Also, people will often do translations of popular books (c.f Harry Potter)
before the publisher gets around to it.

------
AndrewWarner
What's frustrating about this is that, in a world where people are
increasingly less willing to pay for media, S&S found customers who 1) still
want to read books, and 2) are willing to pay for those books.

And now that they found that prized audience what they're doing is telling
them "Go away! Come back when we're ready for you."

------
jsz0
What a strangely convoluted business model they have discovered. Wouldn't it
make a lot more sense to sell the digital copy at a higher price initially? I
doubt many owners of e-book readers are interested in paper hardcovers
anymore. Isn't that sort of the point? They'll most likely just read something
else instead and _maybe_ in 4 months they'll remember and buy the S&S book
they were interested in.

This is an incredibly hostile move to S&S's new, or lesser known, authors who
depend on the first big wave of publicity and reviews to sell books.

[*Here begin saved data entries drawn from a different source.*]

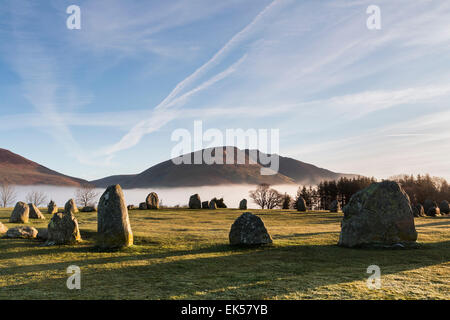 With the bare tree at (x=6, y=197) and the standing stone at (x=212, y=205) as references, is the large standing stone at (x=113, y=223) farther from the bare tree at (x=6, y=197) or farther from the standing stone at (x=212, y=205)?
the bare tree at (x=6, y=197)

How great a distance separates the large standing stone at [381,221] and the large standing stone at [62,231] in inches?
538

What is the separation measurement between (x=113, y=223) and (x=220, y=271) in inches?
277

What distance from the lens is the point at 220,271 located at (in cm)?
1022

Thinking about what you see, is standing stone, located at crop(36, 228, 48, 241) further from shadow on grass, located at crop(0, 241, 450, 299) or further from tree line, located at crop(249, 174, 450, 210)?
tree line, located at crop(249, 174, 450, 210)

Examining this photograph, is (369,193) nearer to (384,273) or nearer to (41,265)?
(384,273)

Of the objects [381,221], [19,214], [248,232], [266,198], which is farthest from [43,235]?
[266,198]

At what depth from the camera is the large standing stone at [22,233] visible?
55.8 ft

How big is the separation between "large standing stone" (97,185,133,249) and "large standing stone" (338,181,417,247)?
419 inches

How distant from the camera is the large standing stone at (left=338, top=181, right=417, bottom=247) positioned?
14648 millimetres

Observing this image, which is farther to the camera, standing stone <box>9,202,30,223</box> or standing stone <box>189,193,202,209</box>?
standing stone <box>189,193,202,209</box> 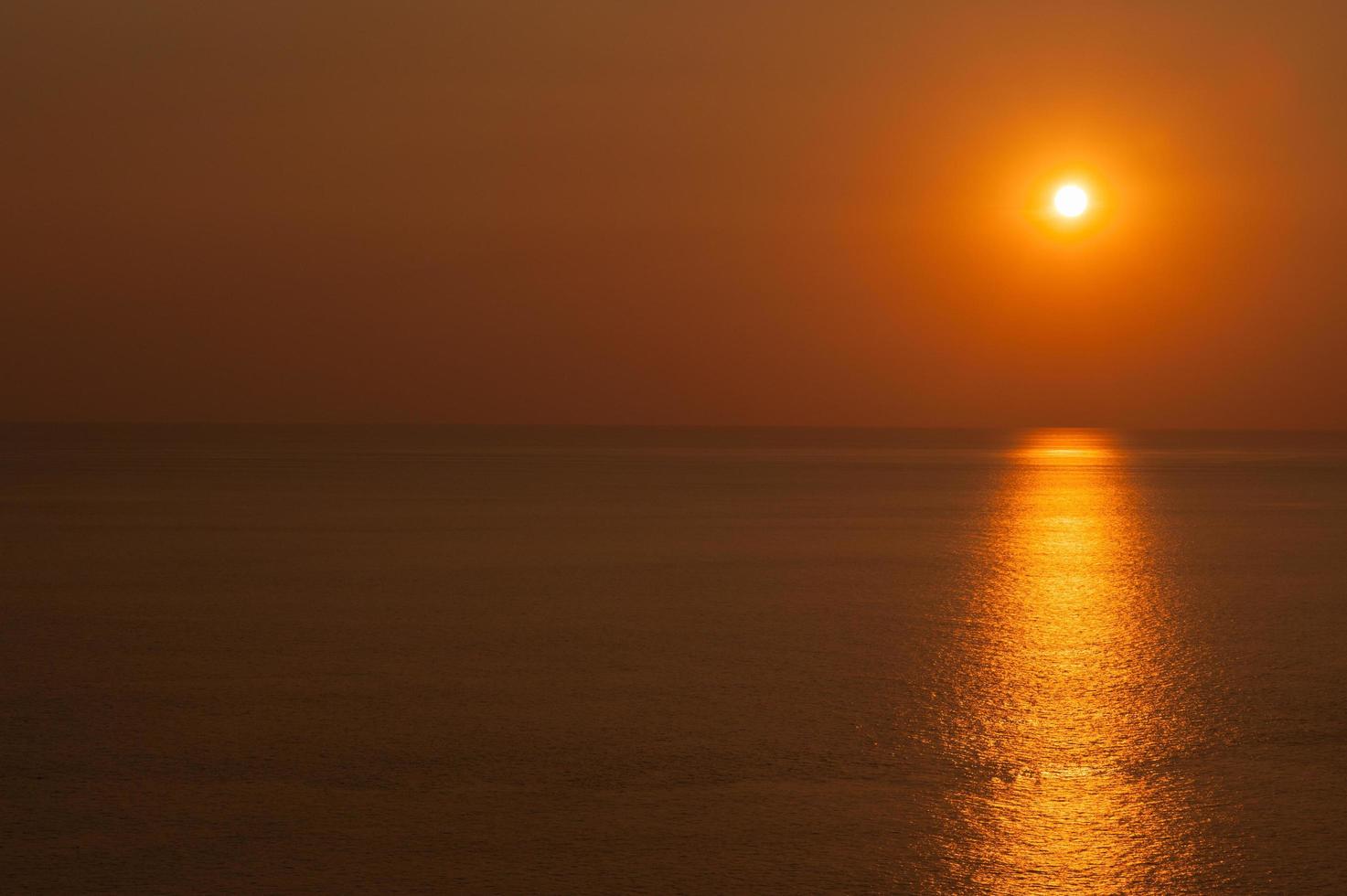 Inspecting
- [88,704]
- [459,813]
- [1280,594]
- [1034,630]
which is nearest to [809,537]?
[1280,594]

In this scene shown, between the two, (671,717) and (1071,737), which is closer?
(1071,737)

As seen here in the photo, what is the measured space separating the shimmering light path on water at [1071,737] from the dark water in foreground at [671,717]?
31 mm

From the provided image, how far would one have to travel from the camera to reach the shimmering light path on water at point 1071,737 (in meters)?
5.41

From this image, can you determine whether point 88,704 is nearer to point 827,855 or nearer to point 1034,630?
point 827,855

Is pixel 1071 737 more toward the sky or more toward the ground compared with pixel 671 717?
more toward the ground

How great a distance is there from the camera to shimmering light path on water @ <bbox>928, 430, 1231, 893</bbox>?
5.41 metres

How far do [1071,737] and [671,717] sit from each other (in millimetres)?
2194

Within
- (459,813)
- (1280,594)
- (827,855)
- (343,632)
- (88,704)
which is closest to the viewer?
(827,855)

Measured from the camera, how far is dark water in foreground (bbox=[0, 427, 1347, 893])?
5.46 m

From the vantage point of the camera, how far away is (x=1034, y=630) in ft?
37.5

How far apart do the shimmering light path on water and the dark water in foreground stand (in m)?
0.03

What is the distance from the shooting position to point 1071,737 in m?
7.47

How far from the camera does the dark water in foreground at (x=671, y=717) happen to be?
5.46 m

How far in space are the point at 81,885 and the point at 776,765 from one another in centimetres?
320
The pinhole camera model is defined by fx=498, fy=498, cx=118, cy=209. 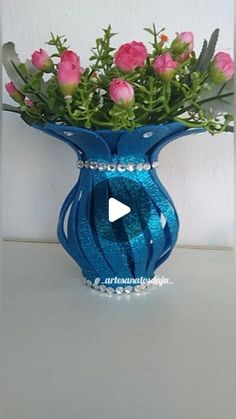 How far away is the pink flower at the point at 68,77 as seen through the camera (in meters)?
0.54

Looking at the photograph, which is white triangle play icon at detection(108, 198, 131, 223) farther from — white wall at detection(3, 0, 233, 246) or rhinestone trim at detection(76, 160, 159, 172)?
white wall at detection(3, 0, 233, 246)

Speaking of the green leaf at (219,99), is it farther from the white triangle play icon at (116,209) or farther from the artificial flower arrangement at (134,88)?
the white triangle play icon at (116,209)

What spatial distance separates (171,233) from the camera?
0.63 metres

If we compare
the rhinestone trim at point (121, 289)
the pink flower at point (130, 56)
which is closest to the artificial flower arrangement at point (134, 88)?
the pink flower at point (130, 56)

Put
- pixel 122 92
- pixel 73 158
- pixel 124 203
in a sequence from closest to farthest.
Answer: pixel 122 92 → pixel 124 203 → pixel 73 158

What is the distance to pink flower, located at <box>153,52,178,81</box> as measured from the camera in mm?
532

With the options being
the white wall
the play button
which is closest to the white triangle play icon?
the play button

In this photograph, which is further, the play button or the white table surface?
the play button

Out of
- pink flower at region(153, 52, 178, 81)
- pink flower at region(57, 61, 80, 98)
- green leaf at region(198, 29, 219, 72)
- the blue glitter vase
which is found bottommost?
the blue glitter vase

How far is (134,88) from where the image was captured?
55cm

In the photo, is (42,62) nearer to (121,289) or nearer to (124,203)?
(124,203)

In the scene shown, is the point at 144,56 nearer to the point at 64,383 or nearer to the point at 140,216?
the point at 140,216

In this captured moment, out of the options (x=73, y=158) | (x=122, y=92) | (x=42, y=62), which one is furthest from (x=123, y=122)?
(x=73, y=158)

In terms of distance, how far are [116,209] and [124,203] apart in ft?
0.04
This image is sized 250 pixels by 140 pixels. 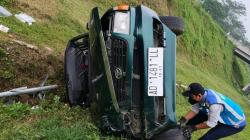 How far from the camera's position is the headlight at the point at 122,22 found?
572cm

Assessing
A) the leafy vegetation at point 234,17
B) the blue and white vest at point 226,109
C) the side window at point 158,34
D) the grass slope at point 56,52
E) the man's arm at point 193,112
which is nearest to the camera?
the grass slope at point 56,52

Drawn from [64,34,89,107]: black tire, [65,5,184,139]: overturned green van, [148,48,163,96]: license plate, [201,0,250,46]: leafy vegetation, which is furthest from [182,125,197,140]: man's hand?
[201,0,250,46]: leafy vegetation

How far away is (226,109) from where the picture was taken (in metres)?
6.20

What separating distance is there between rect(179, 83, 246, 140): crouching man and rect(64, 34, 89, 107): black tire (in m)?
1.35

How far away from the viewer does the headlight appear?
18.8ft

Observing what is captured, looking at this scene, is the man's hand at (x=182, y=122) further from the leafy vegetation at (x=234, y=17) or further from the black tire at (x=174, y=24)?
the leafy vegetation at (x=234, y=17)

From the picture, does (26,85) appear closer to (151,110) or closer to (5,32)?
(5,32)

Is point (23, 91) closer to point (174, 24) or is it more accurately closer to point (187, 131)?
point (187, 131)

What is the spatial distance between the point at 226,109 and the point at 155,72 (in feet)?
4.02

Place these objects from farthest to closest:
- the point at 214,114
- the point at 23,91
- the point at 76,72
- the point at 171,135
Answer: the point at 76,72
the point at 23,91
the point at 214,114
the point at 171,135

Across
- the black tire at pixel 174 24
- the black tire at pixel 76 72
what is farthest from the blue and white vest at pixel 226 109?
the black tire at pixel 76 72

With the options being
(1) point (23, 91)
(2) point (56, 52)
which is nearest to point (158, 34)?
(1) point (23, 91)

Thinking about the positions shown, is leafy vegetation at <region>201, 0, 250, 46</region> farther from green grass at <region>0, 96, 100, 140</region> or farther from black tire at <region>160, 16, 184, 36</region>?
green grass at <region>0, 96, 100, 140</region>

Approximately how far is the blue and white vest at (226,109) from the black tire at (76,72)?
62.3 inches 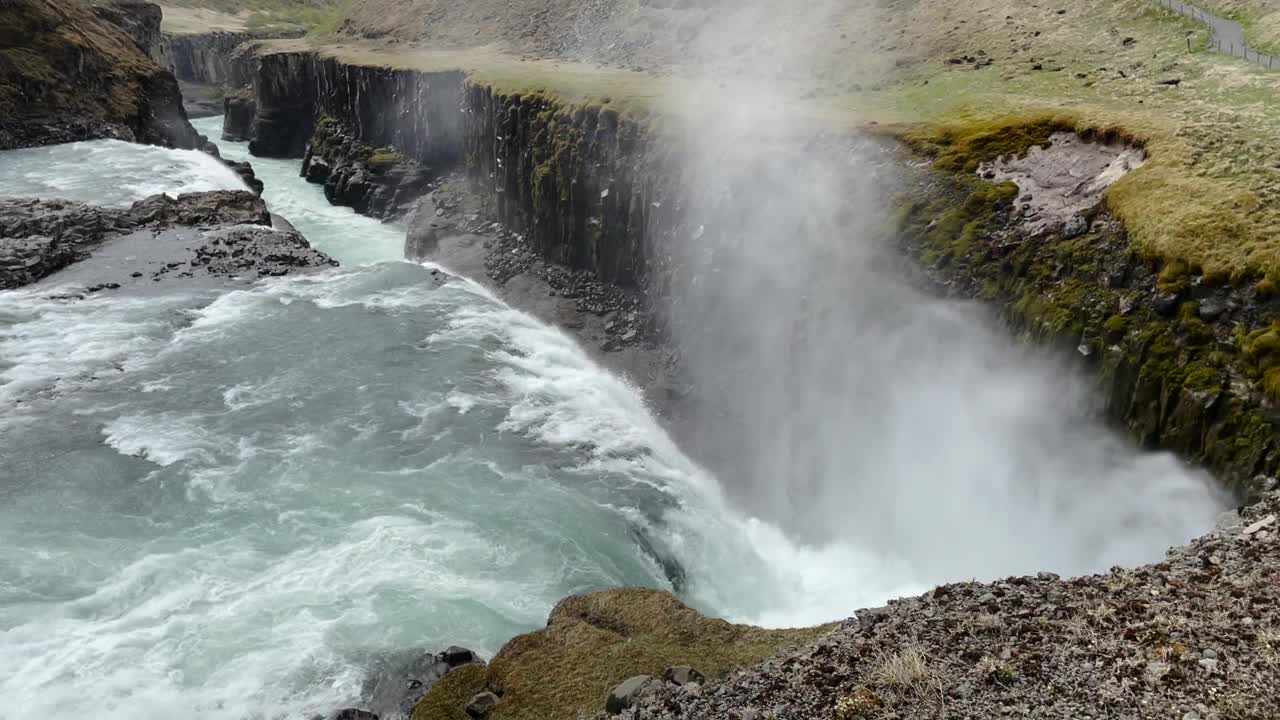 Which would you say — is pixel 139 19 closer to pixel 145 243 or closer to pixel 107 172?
pixel 107 172

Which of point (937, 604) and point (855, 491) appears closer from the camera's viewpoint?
point (937, 604)

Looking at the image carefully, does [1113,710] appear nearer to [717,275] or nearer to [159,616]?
[159,616]

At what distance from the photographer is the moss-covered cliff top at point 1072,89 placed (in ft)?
Answer: 86.4

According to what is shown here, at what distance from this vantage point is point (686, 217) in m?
45.2

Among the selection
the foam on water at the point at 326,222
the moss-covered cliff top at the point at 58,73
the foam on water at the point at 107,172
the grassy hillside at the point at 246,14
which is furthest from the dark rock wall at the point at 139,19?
the foam on water at the point at 107,172

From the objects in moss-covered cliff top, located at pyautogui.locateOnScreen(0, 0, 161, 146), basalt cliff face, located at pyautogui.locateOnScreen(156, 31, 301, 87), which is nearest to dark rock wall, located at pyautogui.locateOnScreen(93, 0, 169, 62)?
moss-covered cliff top, located at pyautogui.locateOnScreen(0, 0, 161, 146)

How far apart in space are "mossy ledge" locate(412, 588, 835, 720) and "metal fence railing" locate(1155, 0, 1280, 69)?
4046cm

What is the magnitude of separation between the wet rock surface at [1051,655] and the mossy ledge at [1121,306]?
6.83 meters

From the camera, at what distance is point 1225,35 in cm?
4800

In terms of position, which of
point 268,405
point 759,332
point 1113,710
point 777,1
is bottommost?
point 268,405

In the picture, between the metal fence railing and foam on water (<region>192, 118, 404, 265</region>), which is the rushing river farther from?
the metal fence railing

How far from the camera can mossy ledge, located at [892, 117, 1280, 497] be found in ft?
72.0

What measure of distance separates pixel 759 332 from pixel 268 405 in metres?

The well
known S&S authors will fare better but will probably still experience some
fallout. The bigger losers are S&S's best customers. The ones who buy lots of
books, stay up on new releases, and do tons of free marketing by recommending
books to friends & family.

------
preview
Is this really that much different from releasing the hard cover well before
the paperback version?

------
teilo
Yet another company with contempt for their customer base. "WE will tell you
what you want."